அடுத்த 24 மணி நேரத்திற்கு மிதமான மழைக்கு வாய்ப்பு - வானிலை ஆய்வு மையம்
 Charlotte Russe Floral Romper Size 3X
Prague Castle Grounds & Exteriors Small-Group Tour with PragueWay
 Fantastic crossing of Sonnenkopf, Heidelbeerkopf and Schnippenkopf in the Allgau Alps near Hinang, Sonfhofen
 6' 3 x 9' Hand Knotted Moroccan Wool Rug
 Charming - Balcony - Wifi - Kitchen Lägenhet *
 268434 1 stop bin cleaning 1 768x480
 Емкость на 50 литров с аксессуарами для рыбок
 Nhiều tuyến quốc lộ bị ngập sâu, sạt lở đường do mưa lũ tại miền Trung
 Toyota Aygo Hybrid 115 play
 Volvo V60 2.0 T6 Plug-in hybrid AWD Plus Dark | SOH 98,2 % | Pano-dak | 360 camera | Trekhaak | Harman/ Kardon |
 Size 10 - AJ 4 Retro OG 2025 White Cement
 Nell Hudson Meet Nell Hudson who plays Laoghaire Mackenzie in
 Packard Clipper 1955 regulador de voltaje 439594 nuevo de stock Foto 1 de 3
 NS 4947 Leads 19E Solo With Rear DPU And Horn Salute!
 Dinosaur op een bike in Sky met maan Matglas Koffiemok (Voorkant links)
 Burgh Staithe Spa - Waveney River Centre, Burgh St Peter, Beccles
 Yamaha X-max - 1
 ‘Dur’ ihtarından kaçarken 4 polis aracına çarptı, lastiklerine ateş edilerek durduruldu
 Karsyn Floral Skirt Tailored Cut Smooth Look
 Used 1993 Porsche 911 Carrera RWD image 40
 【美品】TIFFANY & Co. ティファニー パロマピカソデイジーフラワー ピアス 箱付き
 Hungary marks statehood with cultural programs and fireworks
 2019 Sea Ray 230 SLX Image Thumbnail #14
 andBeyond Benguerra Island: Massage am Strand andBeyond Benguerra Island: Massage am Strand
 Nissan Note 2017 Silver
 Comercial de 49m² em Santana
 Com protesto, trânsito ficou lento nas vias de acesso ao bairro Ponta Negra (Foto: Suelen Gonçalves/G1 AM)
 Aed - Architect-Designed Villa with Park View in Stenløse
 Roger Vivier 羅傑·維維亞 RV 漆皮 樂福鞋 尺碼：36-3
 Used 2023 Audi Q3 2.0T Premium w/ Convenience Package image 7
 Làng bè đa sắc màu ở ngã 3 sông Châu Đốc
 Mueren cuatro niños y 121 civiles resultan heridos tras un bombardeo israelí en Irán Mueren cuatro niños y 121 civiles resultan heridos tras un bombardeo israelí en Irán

——————

Lines with "Floral" in them are what the answer must contain; copy each from the records above.

 Charlotte Russe Floral Romper Size 3X
 Karsyn Floral Skirt Tailored Cut Smooth Look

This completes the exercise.